> **What you need to do**
Skip all pictures; return exactly the lines from the one containing "President Vincent Price" through the end of the data.

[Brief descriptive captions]
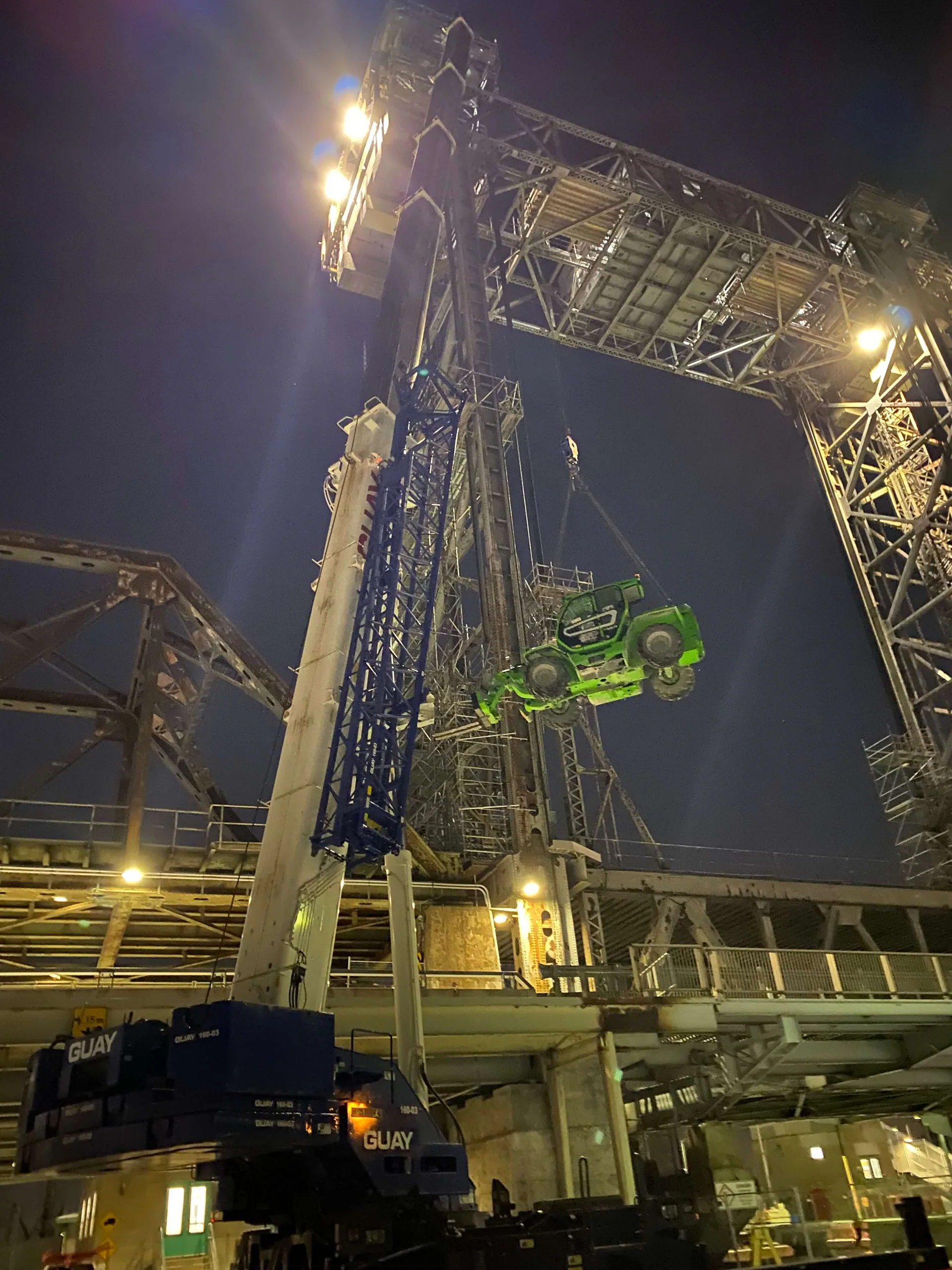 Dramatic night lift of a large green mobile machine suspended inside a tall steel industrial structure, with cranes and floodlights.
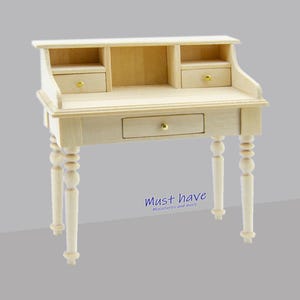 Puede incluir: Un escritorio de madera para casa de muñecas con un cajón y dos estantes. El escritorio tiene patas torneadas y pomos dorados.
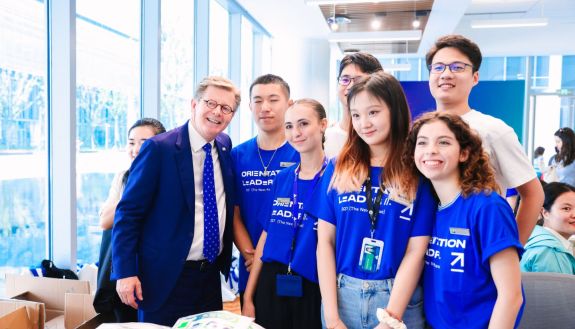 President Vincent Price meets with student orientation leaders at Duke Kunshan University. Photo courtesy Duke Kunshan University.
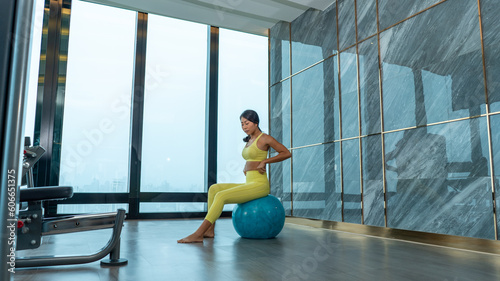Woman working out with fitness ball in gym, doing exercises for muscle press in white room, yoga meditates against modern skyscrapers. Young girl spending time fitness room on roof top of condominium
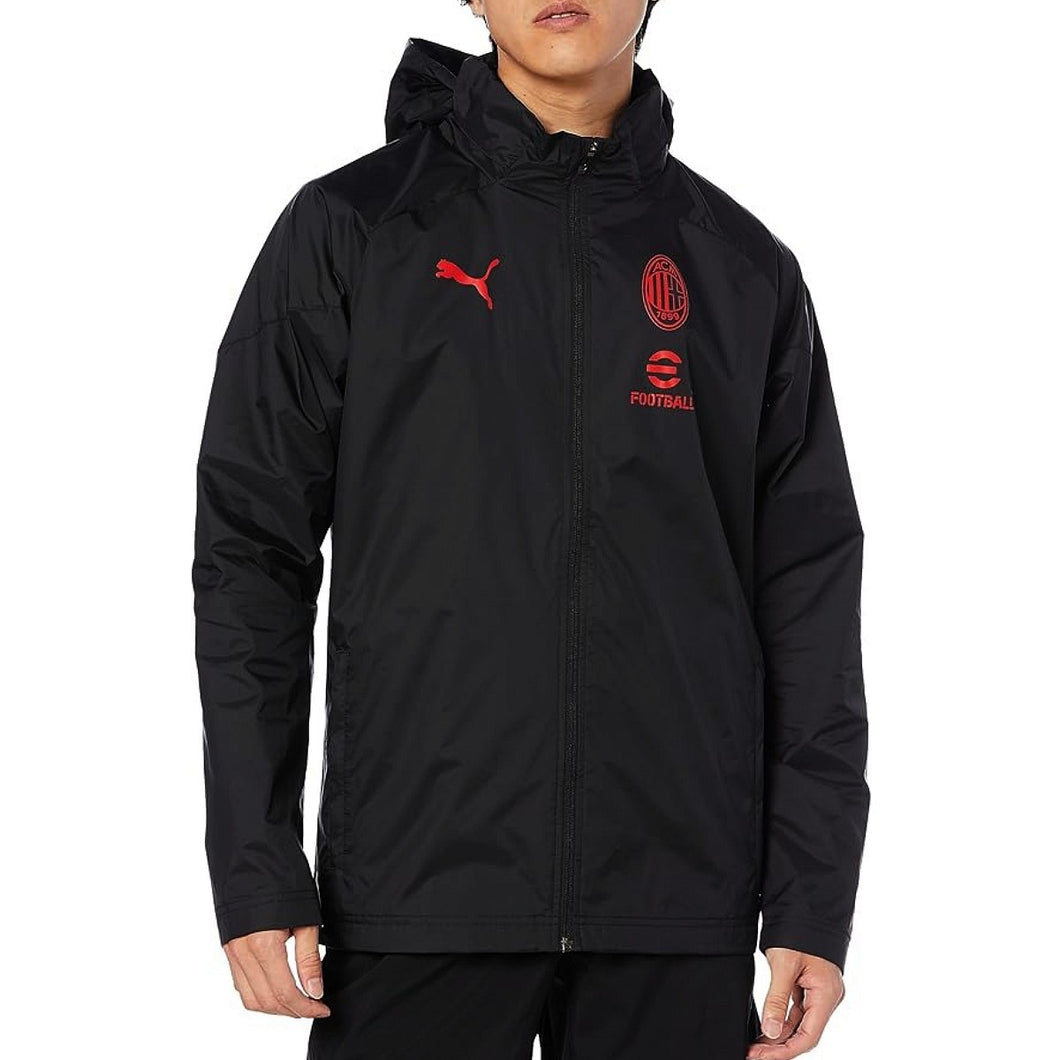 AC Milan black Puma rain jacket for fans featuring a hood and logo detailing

> **Response to this exercise**
 President Vincent Price meets with student orientation leaders at Duke Kunshan University. Photo courtesy Duke Kunshan University.
Woman working out with fitness ball in gym, doing exercises for muscle press in white room, yoga meditates against modern skyscrapers. Young girl spending time fitness room on roof top of condominium
 AC Milan black Puma rain jacket for fans featuring a hood and logo detailing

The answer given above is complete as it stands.